‘Underdogs’ win $1K
by Kim Eagle, lifestyles editor
The Texas Underdogs, a local group of children and teens, recently won first place and $1,000 in the 90-Second Newbery Film Festival held in San Antonio. The group is donating their prize money to El Progreso Memorial Library.
The 90-Second Newbery Film Festival is an annual video contest in which young filmmakers create weird movies that follow the stories of Newbery-winning books.
The Texas Underdogs comprises Jimmie Alexander Luna (Uvalde High School junior), Isabella Luna (homeschooled fourth-grader), Anahi Garcia (Robb Elementary fourth-grader), A.J. Negrete (Anthon Elementary second-grader), Daniel Coronado (San Antonio first-grader), and Erasmo Vasquez (director and graphics), Grace Coronado and Cynthia Garcia (assistant directors), and Corina Luna (hair/makeup).
The group based their 90-second film on the Newbery Award-winning book, “The Graveyard Book.”
In the book, an unusual boy named Bod is the only living resident of a graveyard. He was raised from infancy by ghosts, werewolves, and other cemetery denizens. During his time in the graveyard, Bod learned the ghostly technique of fading so that no one can see him.
The book follows his life in the cemetery and beyond.
The group retold the story of the book with out-of-this world costumes and spooky makeup reminiscent of a horror story. Out of 21 participants from all over the area, the Uvalde team captured top honors.
“We are so excited and pleased that our own Uvalde students walked away with first place, beating 21 other entries at the film festival,” said Mendell Morgan, library director. “It was amazing to see the imagination and creativity shown by all the young people who took part, but The Texas Underdogs actually turned out to be top dogs.
“We are delighted and honored that they are donating the cash prize of $1,000 to El Progreso Memorial Library. This money will be used to buy more quality books in children’s literature, including Newbery Medal books. This should encourage others to... try their hand at expressing their own creativity.”
Different things motivated the children to succeed in filmmaking, from finding an avenue to try out their acting chops, promoting literature, or helping out the local library where they each spend time.
Alex Luna, the oldest member of the team, said it was a lot of fun making the film – especially watching the younger kids have such a good time.
“I enjoyed helping them and the library bring attention to the importance of reading,” Alex said.
Isabella Luna said the team chose to give the prize money to the library because it is a resource they cannot be without.
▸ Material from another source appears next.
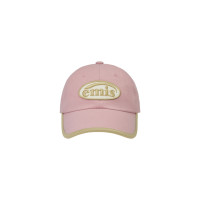 BEIGE TRIMMING BALL CAP-PINK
“We don’t have anywhere else to go here for books and WiFi, and it’s a great classroom,” Isabella said. “I love the library.”
A.J. Negrete said the library was an easy choice and hopes they will use the money to buy more books.
“We love the library and books,” A.J. said.
Anahi Garcia added to that sentiment by stressing the importance of reading, especially for young people.
“Reading and writing is an important part of learning,” Anahi said. “Books can take you to a different place with your imagination. Reading is fun and exciting.”
Daniel Coronado, who loves acting, said his favorite part of the film was when he fell out of a tree.
“I love acting; I want to be an actor,” he said.
To show its appreciation for the young filmmakers, the library is hosting a special reception and film screening on Feb. 5 at 7 p.m.
Community members are invited to the library to show their support for these selfless artists.